## WORK TO BE COMPLETED
Shown below is a listing with pictures; reproduce exactly, and only, the lines between the ones containing "Логотип телеграм канала" and "Hd-176196-ascw176196", inclusive, leaving the pictures out.

## DATASET
____

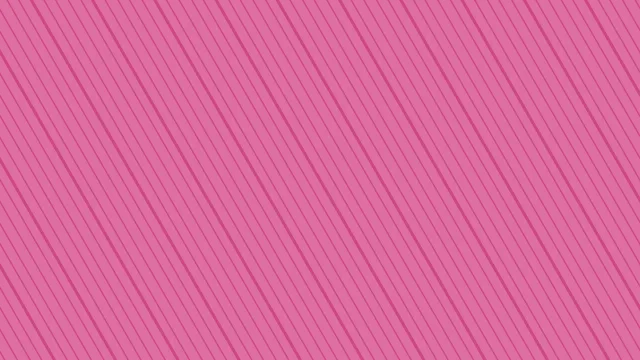 Sweet Peony lines desktop wallpaper — free 4K sweet peony wallpaper 3840x2160
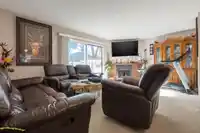 105 9473 PRINCE CHARLES BOULEVARD - thumbnail 16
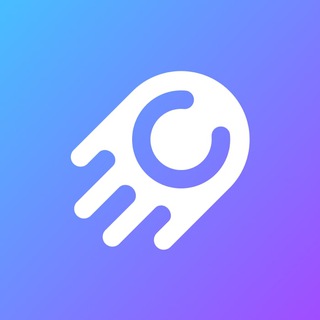 Логотип телеграм канала @coindar_ru — Coindar на русском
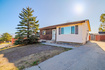 Photo 1 for 5309 W Lewis Clark Dr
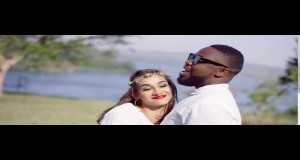 Tugende Mu Church Music Video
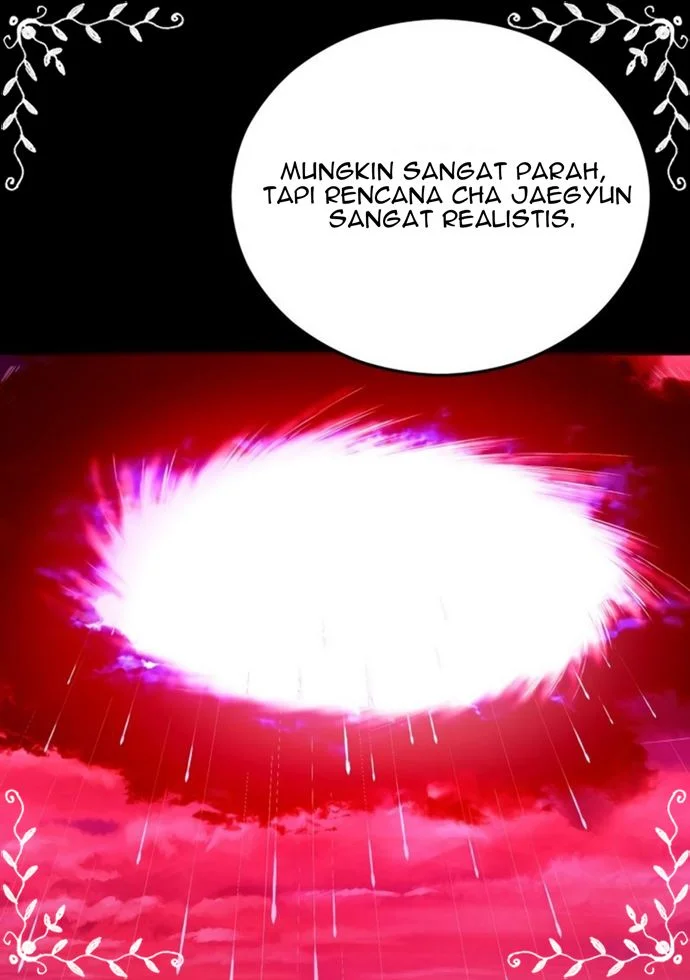 Halaman 358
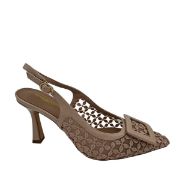 848-26005 NUDE ADAMS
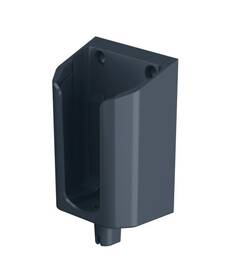 Tyčový vysávač Rowenta RH6878WO, 2v1 

 obrázok produktu 9 z 35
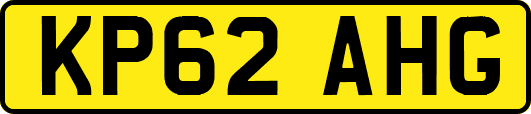 KP62AHG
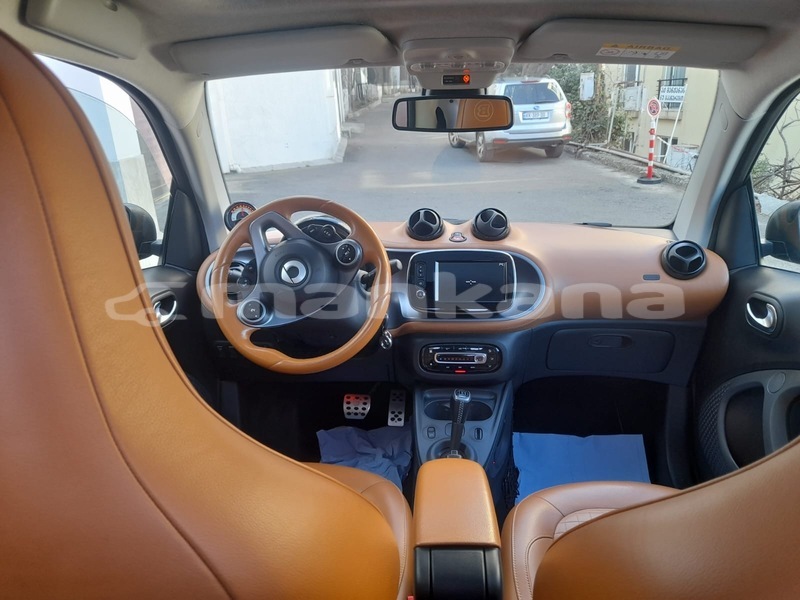 Big with watermark smart fortwo tbilisi tbilisi 6776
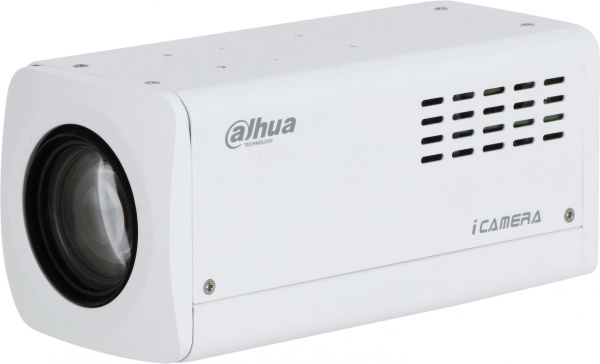 Изображение товара Видеокамера IP Dahua DH-SDZ4032-HNR-ZB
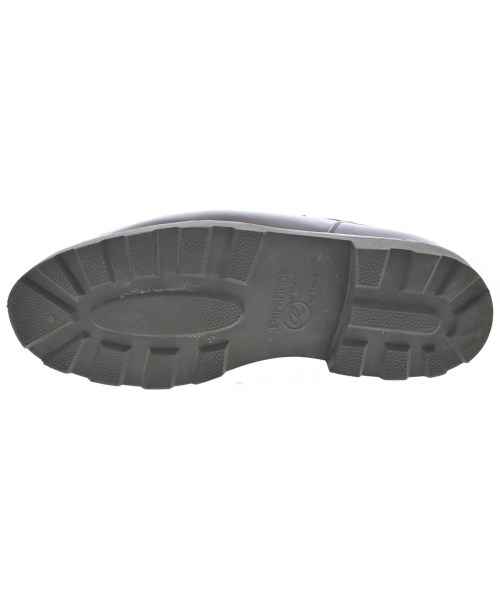 Paraboot（パラブーツ）その他 茶 サイズ:EU43(28cm位) メンズ/2200702439025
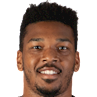 https://img.lybojiaguanye.com/img/football/player/5653f6bda7d8ec4a4819fc62af66dcb2.png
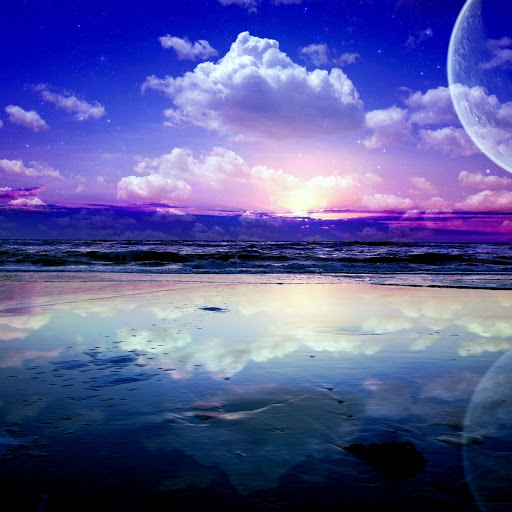 Hd-176196-ascw176196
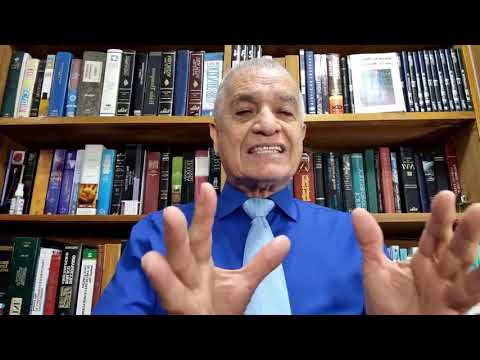 Ciertamente no hay hombre justo en la tierra, que haga el bien y nunca peque - Eclesiastés 7:20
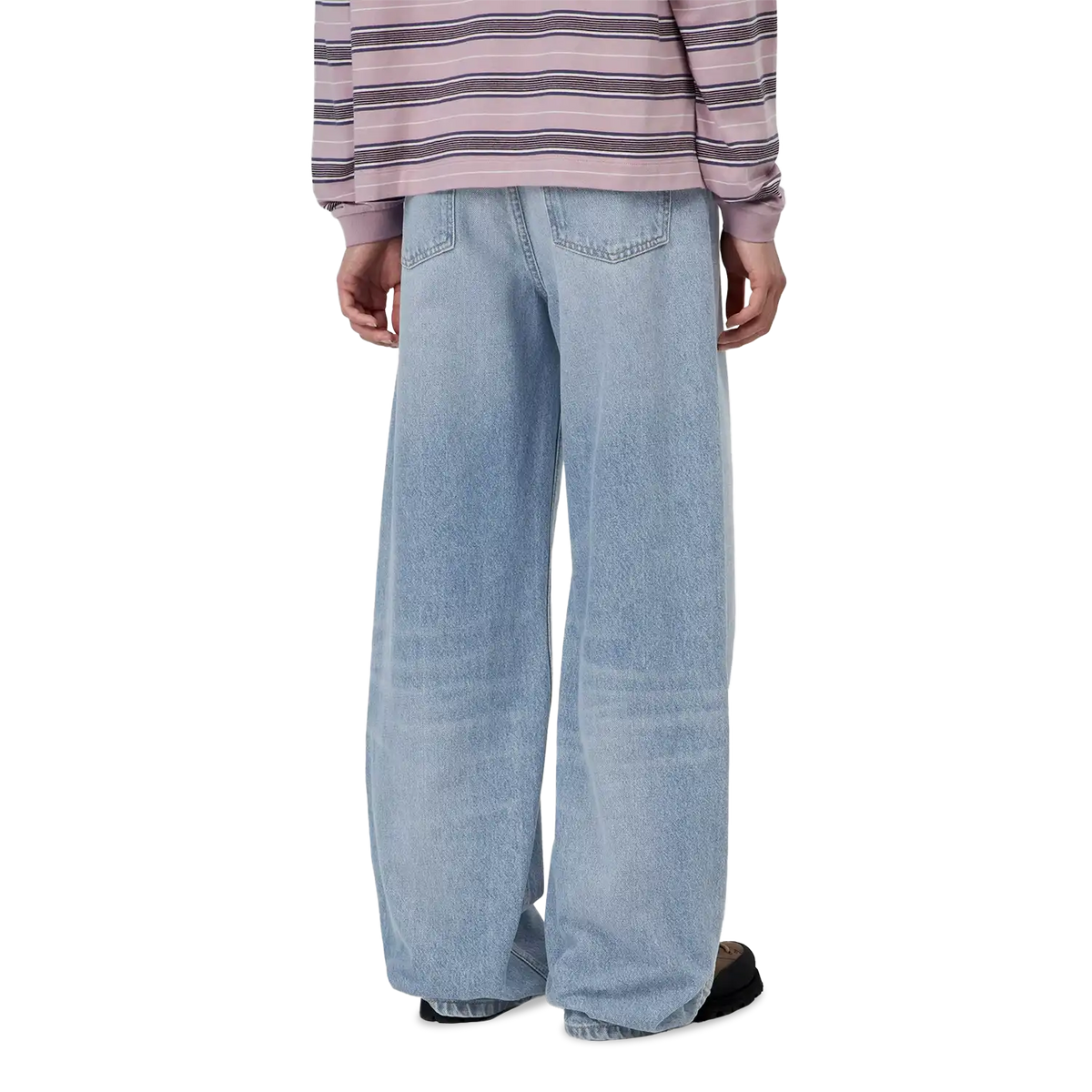 Carhartt WIP W' Jane Pant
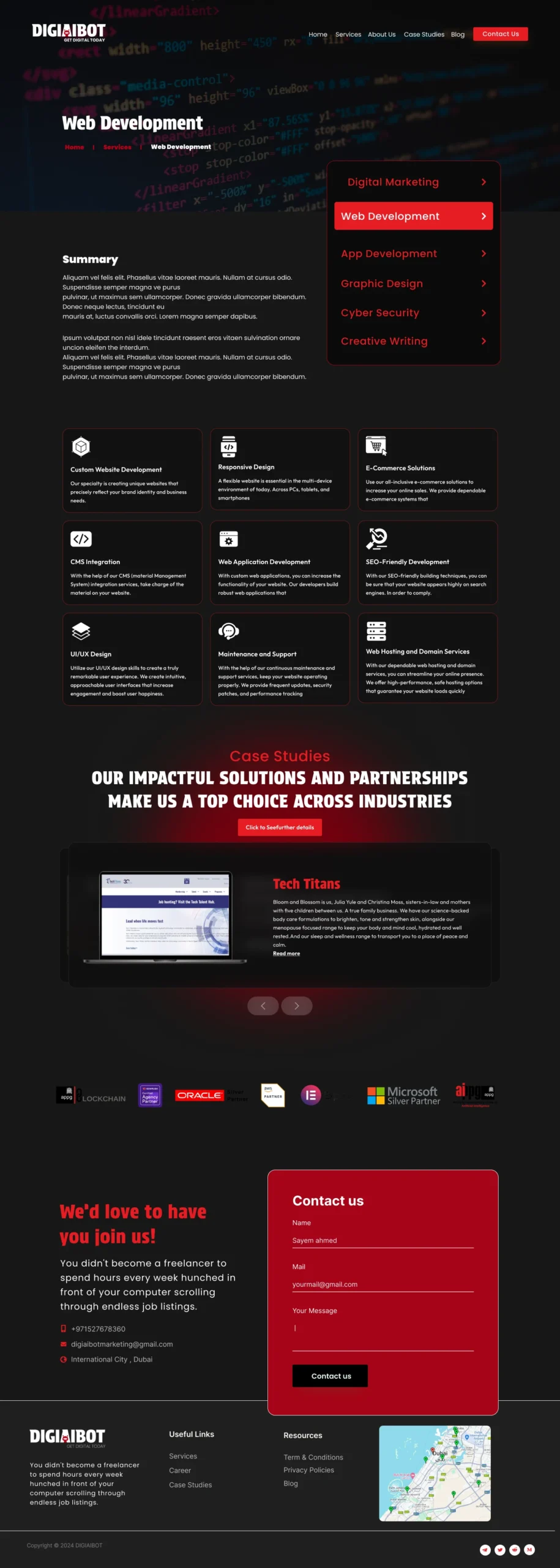 services_web_development_1x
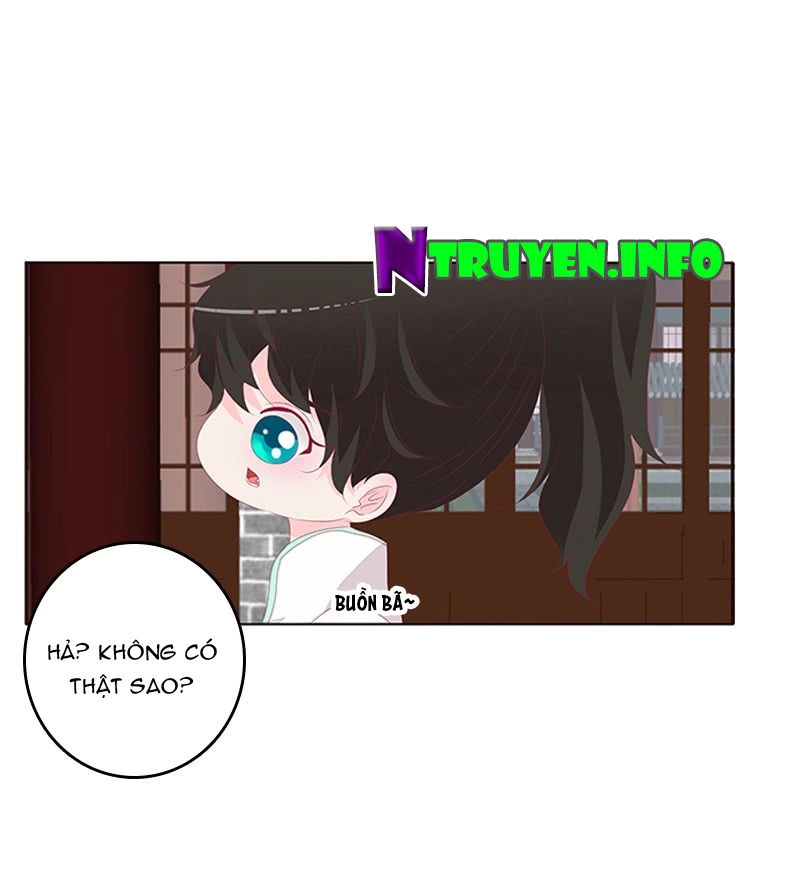 Tướng Quân Xin Xuất Chinh Chapter 99 - 12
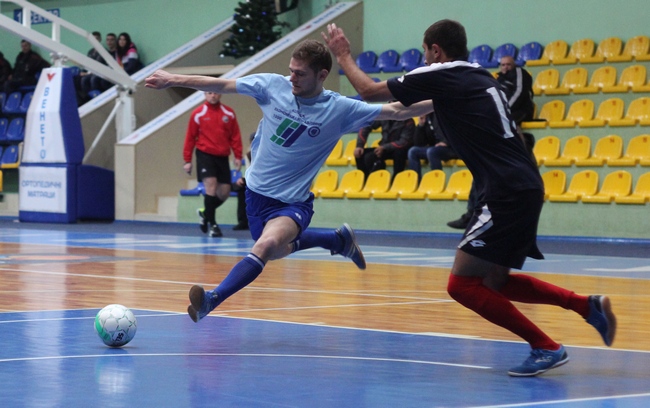 141220144turfutsalIMG 1527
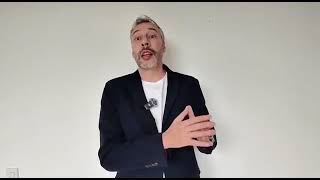📺 El arreglo judicial Saab-Fabri en Italia
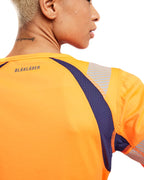 3503 Women’s Hi-Vis T-shirt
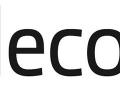 Adecoagro. Is it reasonable to invest money in stocks?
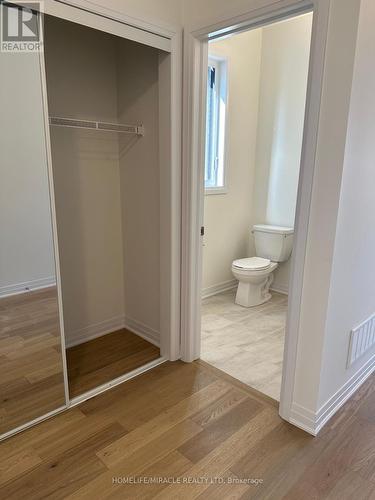 74 Masters Street, Welland, ON - Indoor Photo Showing Bathroom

____

## ANSWER TO THE EXERCISE
 Логотип телеграм канала @coindar_ru — Coindar на русском
 Photo 1 for 5309 W Lewis Clark Dr
 Tugende Mu Church Music Video
 Halaman 358
 848-26005 NUDE ADAMS
 Tyčový vysávač Rowenta RH6878WO, 2v1 

 obrázok produktu 9 z 35
 KP62AHG
 Big with watermark smart fortwo tbilisi tbilisi 6776
 Изображение товара Видеокамера IP Dahua DH-SDZ4032-HNR-ZB
 Paraboot（パラブーツ）その他 茶 サイズ:EU43(28cm位) メンズ/2200702439025
 https://img.lybojiaguanye.com/img/football/player/5653f6bda7d8ec4a4819fc62af66dcb2.png
 Hd-176196-ascw176196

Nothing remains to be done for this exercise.